The seventh and final method for creating a PDF file is to create it from an Adobe application. And this is quite a bit different than the methods that I’ve shown you previously. In that, the Adobe applications essentially have Acrobat built in to them. So for example, In-Design Photoshop Illustrator, they all have a little bit of Acrobat in them and they can use it to produce a PDF file directly. Let me show you what I mean.
I’m going to jump over to the folder, the Lesson Four folder, and in there, there is a subfolder. The name of the subfolder is Times the Treasure Proposal and if I open that up, I’ll see that I have an in-design file there. This file is something that you’ll have so if you have In-Design, you can do this as well. I’ll open it and it will open in the In-Design, and here we have it. Now this is a sort of a standard graphics file. It’s designed to be a brochure, and it’s got some photographs and a logo and some type that’s been styled. This is something that I want to convert to PDF either because I want to proof it, or maybe I want to submit it to my printer. I can if I like. Choose, File, Print and then from the Printer option, just like I can with any other product on the planet, choose Adobe PDF. But I don’t need to do that so I’ll hit Cancel, because as I said, the Adobe applications have Acrobat sort of built in to them.

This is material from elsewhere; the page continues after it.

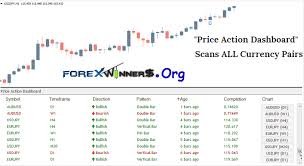 Before we get into where you can get a scanner. Mt4 Forex Dashboard Review Forex Incontrol Ea Review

To get to a PDF file, I’m going to choose File, Export and I’m going to export a PDF file directly. From the Export dialogue box, I’m going to choose Save as File Type, Adobe PDF. I’ll click Save, and I’m confronted with a large dialogue box of choices which really isn’t unusual. Graphics professionals like to have these choices and they like to control the process completely. But every single time I generate a PDF file, I don’t want to have to look at these choices because they can become overwhelming, so I’m going to hit Cancel, and show you that from within In- Design, I can also choose File, Adobe PDF Presets, and if you’ll remember in the PDF Maker functionality inside Word, PowerPoint, Excel, I was able to do the conversion settings, choose the kind of PDF file that I wanted to make. That’s the exact same choice that I’m making here, so in this case I want to produce the smallest file size version of this because I’m going to use it for proofing. I’ll select Save, and I see the dialogue box now but because I chose the particular preset, I don’t need to go in and interact with every single bit and piece in here. I can if I want to so I can look at the compression, I can look at the output, but I don’t need to, so I’m just going to leave it on general. I’m going to kind of avert my eyes and quickly click Export. In-Design will take over. It will generate a PDF file directly without actually having to have Acrobat on board. In fact, there are some In-Design users who only have the free Adobe Reader.
If you want to see that file, I’ll drop back over to Acrobat and I’ll choose File, Open, because it might be useful to see the results. I’ll click on Times the Treasure Proposal and click Open and there we have it, a PDF file created directly by In-Design through the Export function. It’s the same kind of PDF that I could generate by choosing File, Print, except that I created it in one step from within In-Design.
There you have it, seven different ways to produce PDF files. And actually there are probably some other ways that I didn’t cover here but the seven ways that I showed you were the ways that you’re most going to want to produce a PDF file. Remember that every time you produce one, you get to control the process and you should because you want to make a PDF file that meets your needs and not just some set of default needs that come with the applications.